The merging trace suggests six regions is also interesting.
Here is the result of stopping Ward's method at six regions:
This plot suggests that the water level after the first 16 years
has been oscillating between two different values, with variable amounts
of time between changes. There also seems to be a mini-oscillation on top of
this one.
Here is the R code to make these plots:
source("clus1.r") library(ts) data(LakeHuron) x <- as.numeric(LakeHuron) plot(x,type="l",main="Lake Huron annual water level",xlab="year",ylab="level") break.chpt(x,2) break.chpt(x,6)
The figure below shows a scatterplot of price versus each of 12 predictor variables in a dataset of house prices in Boston. Each data point is an aggregate over several houses in a small area. These plots are useful for determining which predictors are relevant. The green line shows the overall trend. A trend upward or downward means a variable is relevant to price. Apparently, most of the predictors are relevant, at least in specific regions. However, these scatter plots don't show how the variables interact in predicting price.

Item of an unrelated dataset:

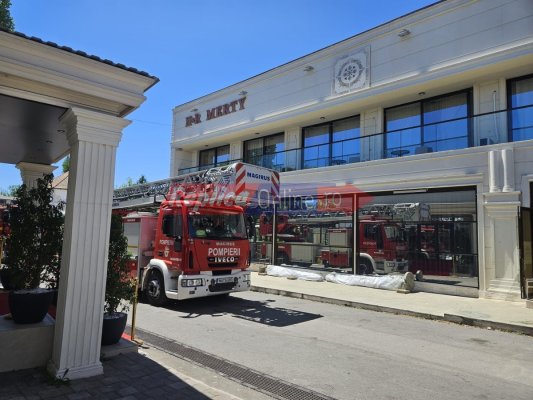 Incendiu la hotelul Merty din Satul de Vacanță. Video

By clustering the response variable, price in this case, we can divide the
data into simpler sub-populations. We can then analyze the detailed
behavior within the sub-populations, or make gross comparisons between the
sub-populations. The appropriate principle in this case is the within
principle. Below is a histogram of the price variable along with the
breaks found by k-means:
The breaks seem pretty reasonable.
However, there is something strange about this histogram. The last bin
is unusually large. In fact, 16 of the data points have price exactly
equal to "50", corresponding to $50,000. Most likely, the
actual prices are greater, but simply rounded down to 50.
Therefore we might want to split off this bin into a separate cluster.
To get an idea of how the predictors interact, we can make a scatterplot
two of them, coloring the points according to which price bin they fall
into. Effectively, we see three variables in the same plot.
Here is "number of rooms" versus "lower-income status":
The price categories, from lowest to highest, are colored black, red,
green, dark blue, and light blue.
There is clearly
a relationship between the lower-income status and the number of rooms, but
that is of secondary interest.
The important aspect is that the main difference between the lowest
priced homes and the rest is lower-income status, while the main difference
among the higher-priced homes is the number of rooms.
In fact, if you look back at the plots of rm vs. price and
lstat vs. price, both have a change in slope at price 20
(halfway through the red class), with
rm becoming more important for higher priced homes.